Built in 1979, the home is situated against a hillside so that the lowest level is underground and it blends into the surroundings. The late Bill Bierrum, a Kalispell architect, designed the home. It is furnished primarily in 18th and 19th century English and Scottish antiques but also includes some French and Anglo-Indian antique furniture as well. The many beautiful paintings that adorn the home are mostly 19th century European, but a number of works by 20th century Montana artists are also featured.
In addition, the home features an exceptional collection of mid-20th century Cape Dorset Inuit sculpture and prints. The collection includes dozens of stone carvings, some of which are considered masterpieces of Inuit work. The 15 limited edition prints comprise what may be the world’s finest single collection of Inuit printmaking. A thorough appraisal of the collection by leading authority John Houston resulted in a new appreciation of these treasures, and a greatly improved display.
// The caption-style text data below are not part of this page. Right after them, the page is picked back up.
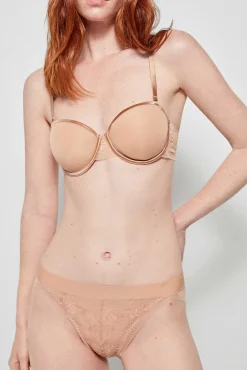 Gisela Braguita clásica sin costuras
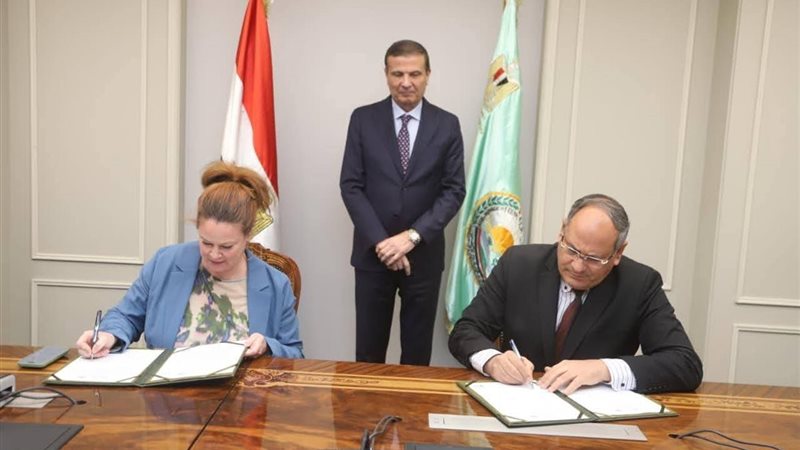 وزير الزراعة يشهد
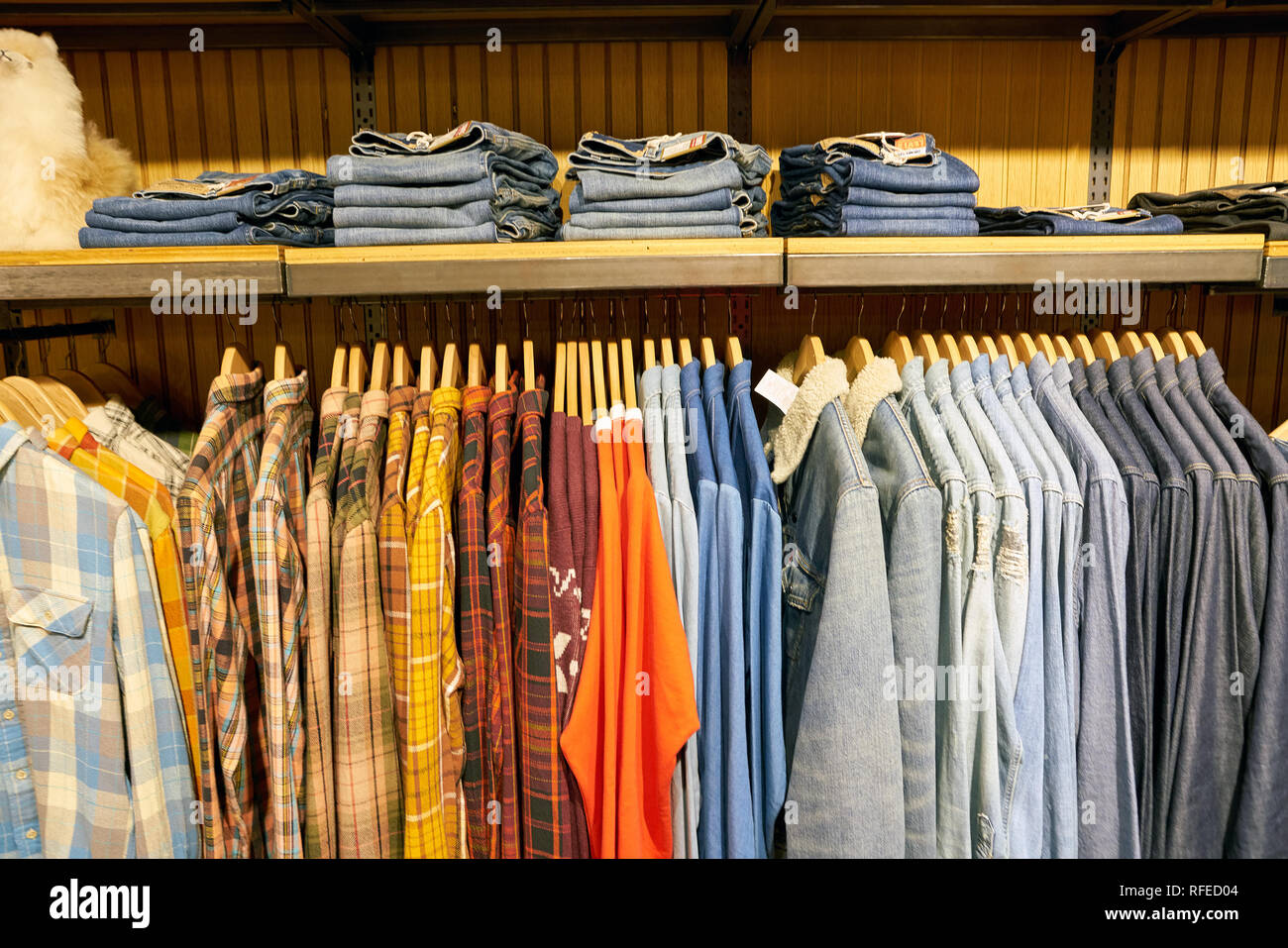SEOUL, Südkorea - ca. Mai 2017: Hemden auf einen Levi's Store in Seoul. Levi  Strauss & Co. ist ein privat geführtes American Clothing Company  Stockfotografie - Alamy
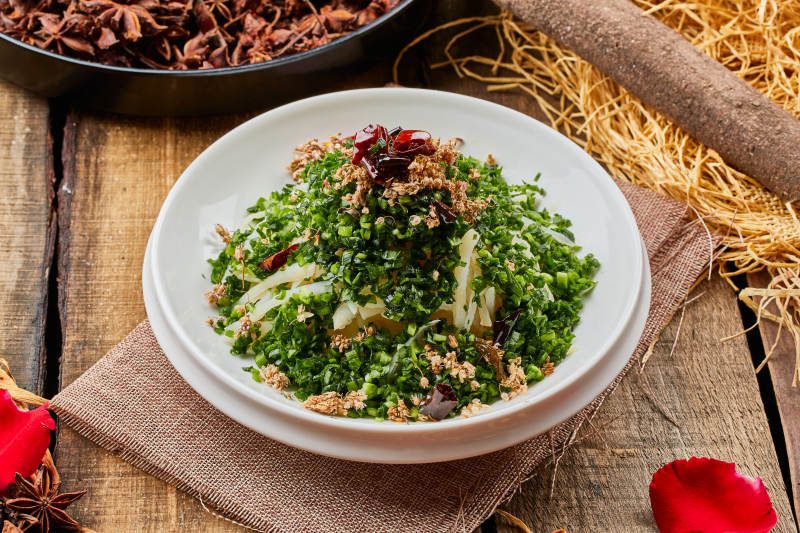 白色瓷盘装的葱香土豆条图片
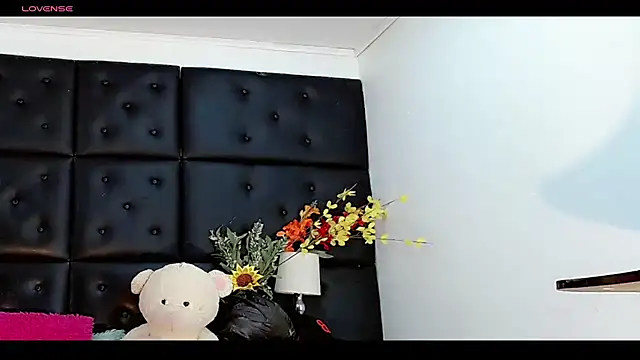 Snapshot of Daniela_Pink_ chatting on June 17, 7:48 pm Daniela Pink online show from June 17, 7:48 pm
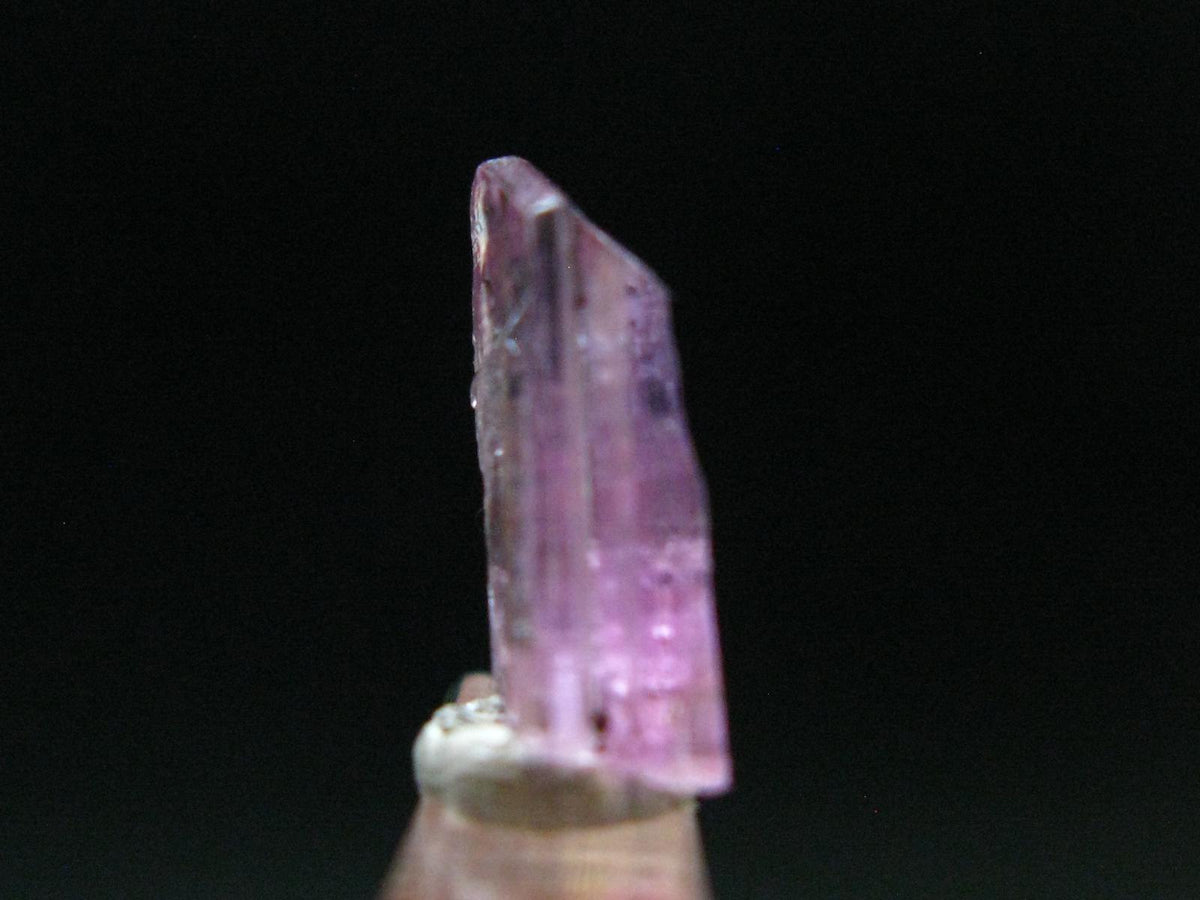 Tanzanite Gem Untreated Pink Crystal From Tanzania - 4.50 Carats -0.6"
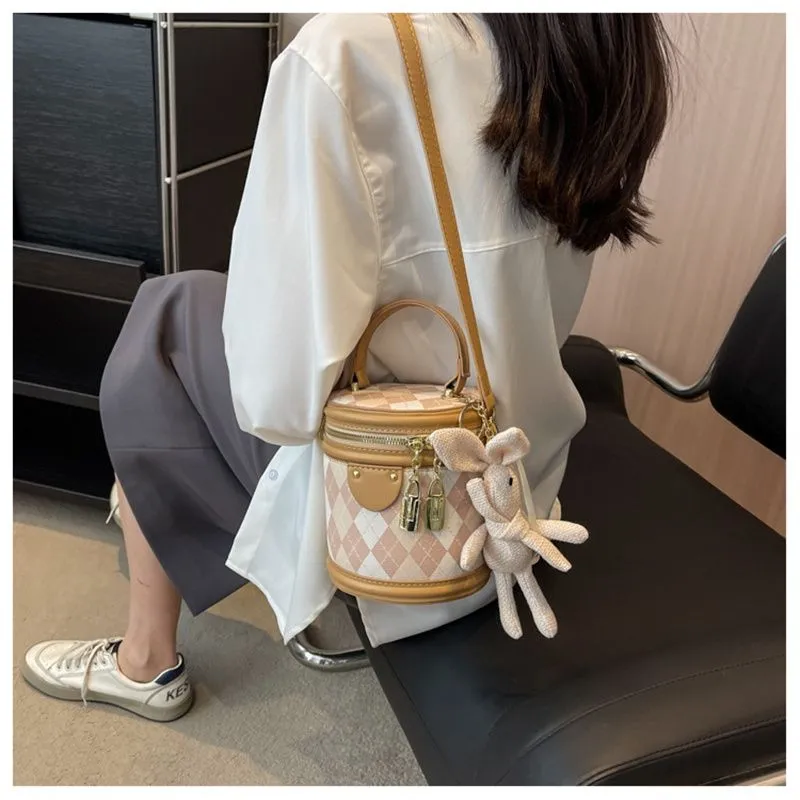 Designer Free Shipping 2025 New Fashionable Bucket Premium Texture Dia Grid Shoulder Crossbody Bag Bag For Womens_voghion.com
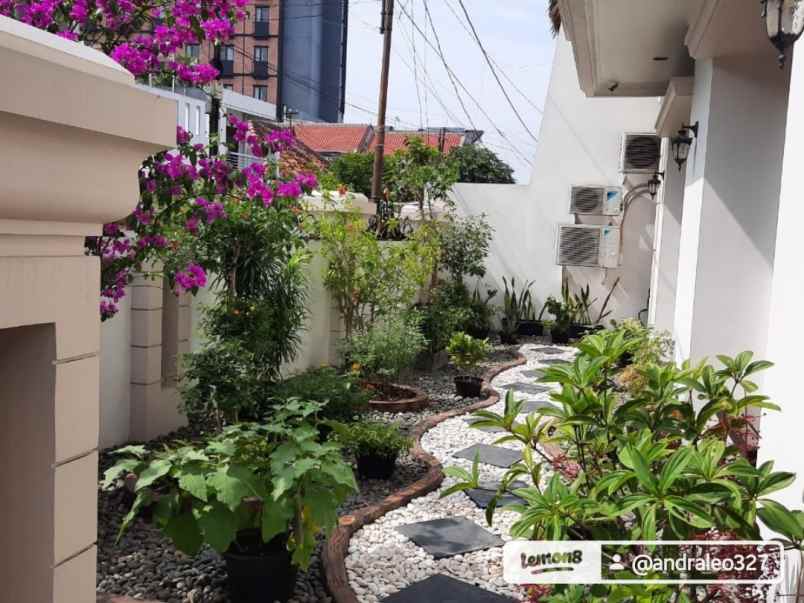 dijual rumah jln waru rawamangun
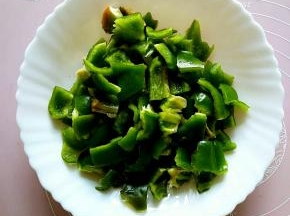 大辣椒洗干净掰成小块儿。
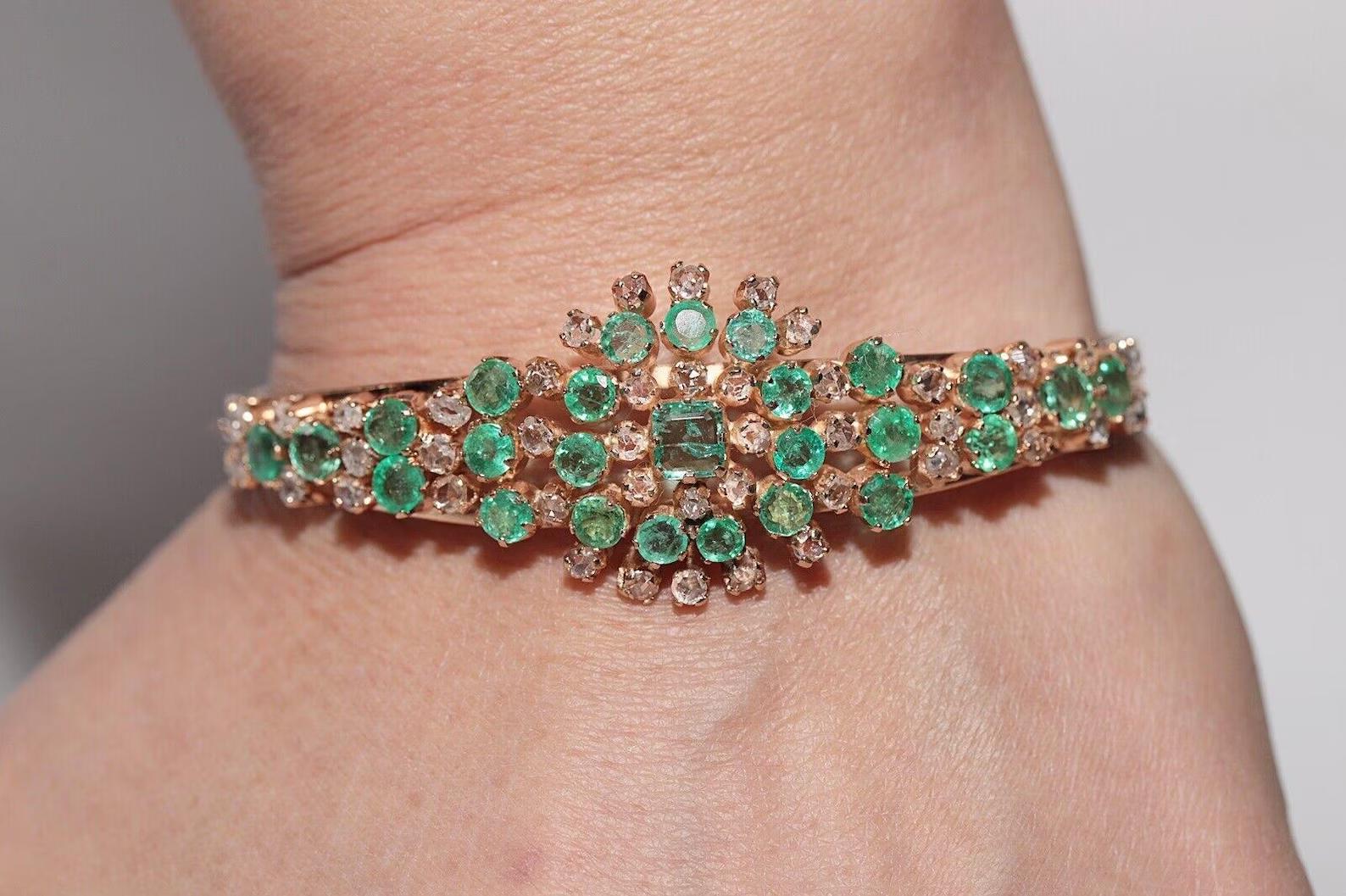 Antikes Armband aus 14 Karat Gold mit Diamanten im natürlichen Rosenschliff und Smaragd, um 1900 (Viktorianisch) im Angebot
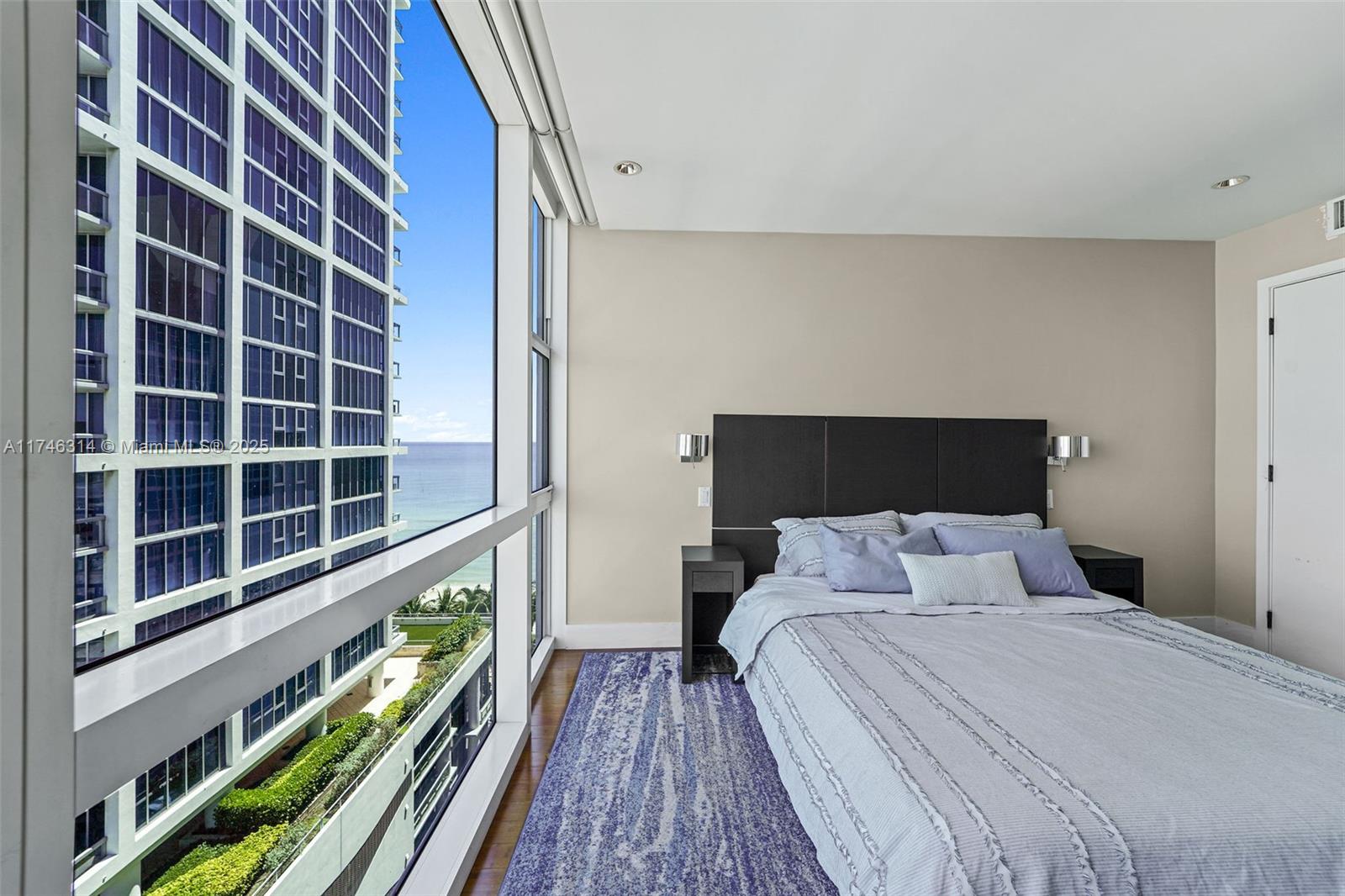 Condo for Sale in Miami Beach, FL
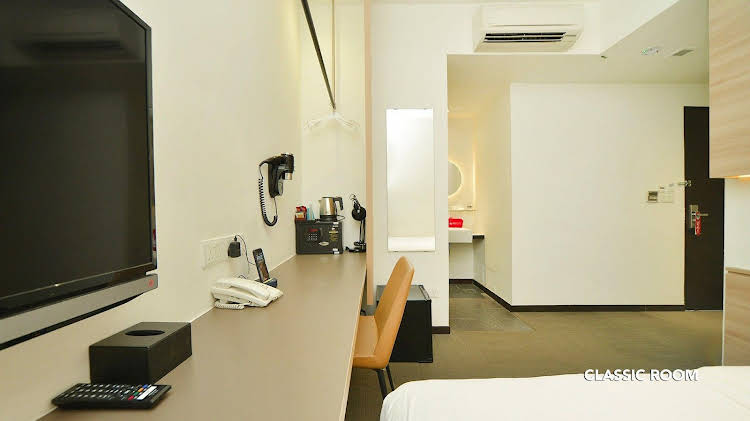 zen rooms arab street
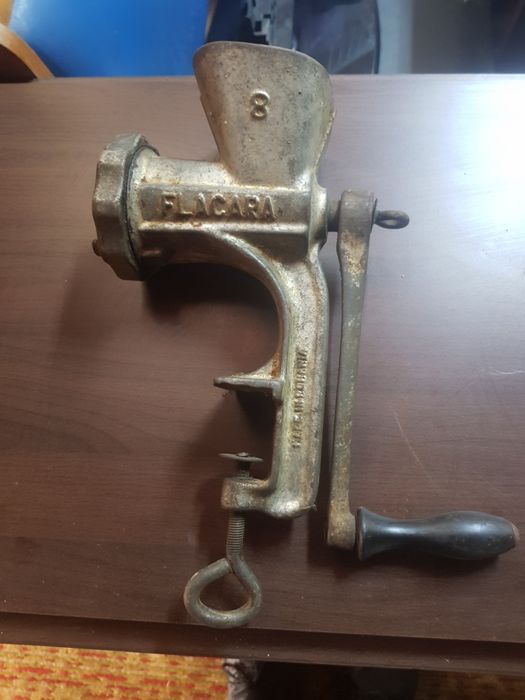 Vand masina de tocat nr.8 Flacara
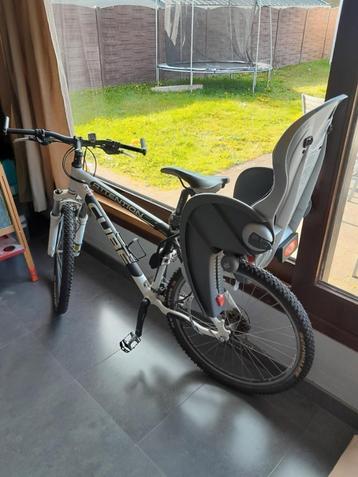 Polisport fietsstoeltje beschikbaar voor biedingen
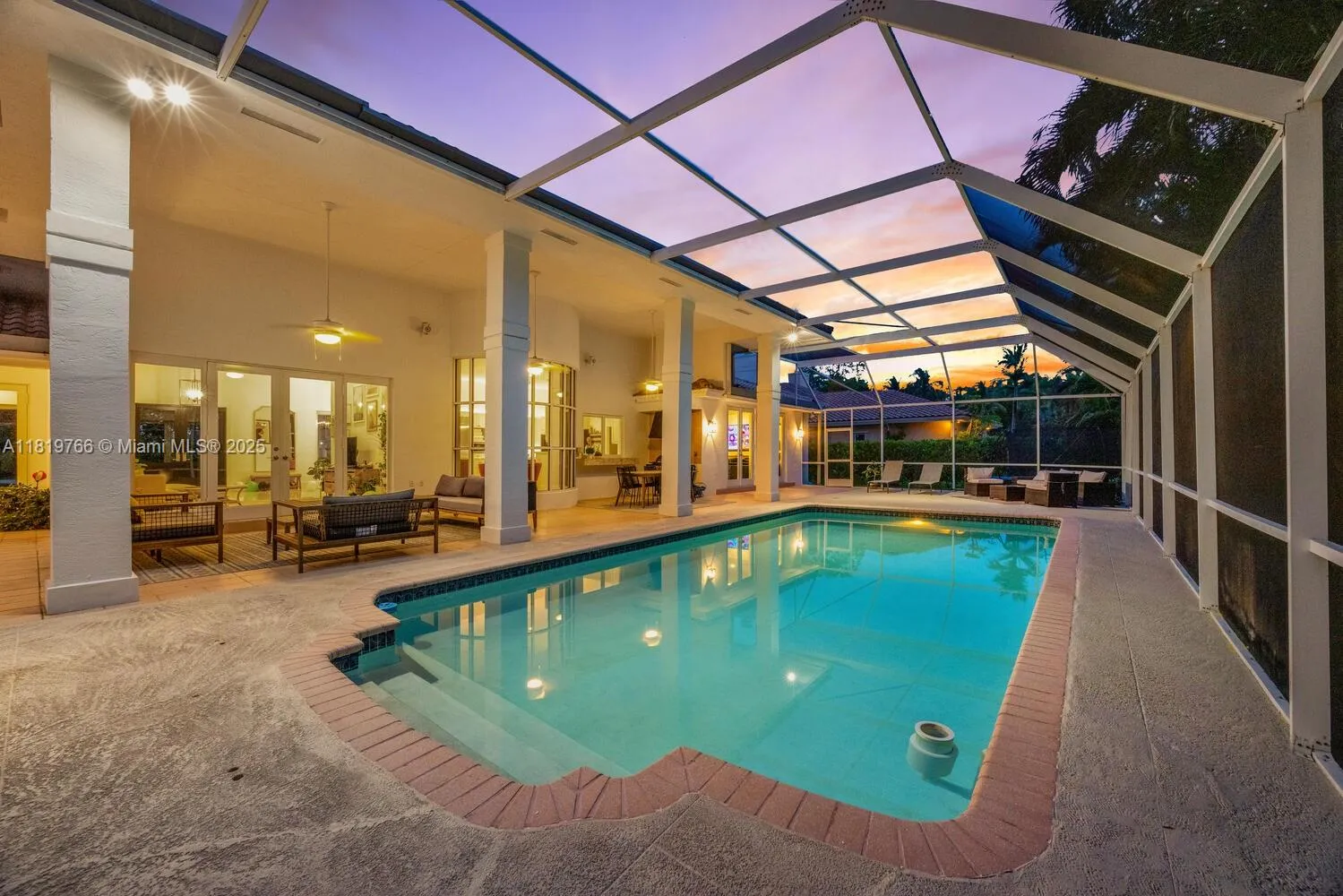 Palmetto Bay, Florida 33157, United States, 5 Bedrooms Bedrooms, ,5 BathroomsBathrooms,Residential,Active,148415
The floors of the home are almost entirely covered in antique Persian carpets in both palace and tribal styles, all of them hand woven. Most were made in the 19th century, although some are even older. Under the guidance of James Opie, the Bibler Foundation acquired a number of antique tribal rugs and weavings that, in addition to being exceptional works of textile art, serve to illustrate the evolution of design motifs in southern Persian art. This collection is the only one of its kind in North America.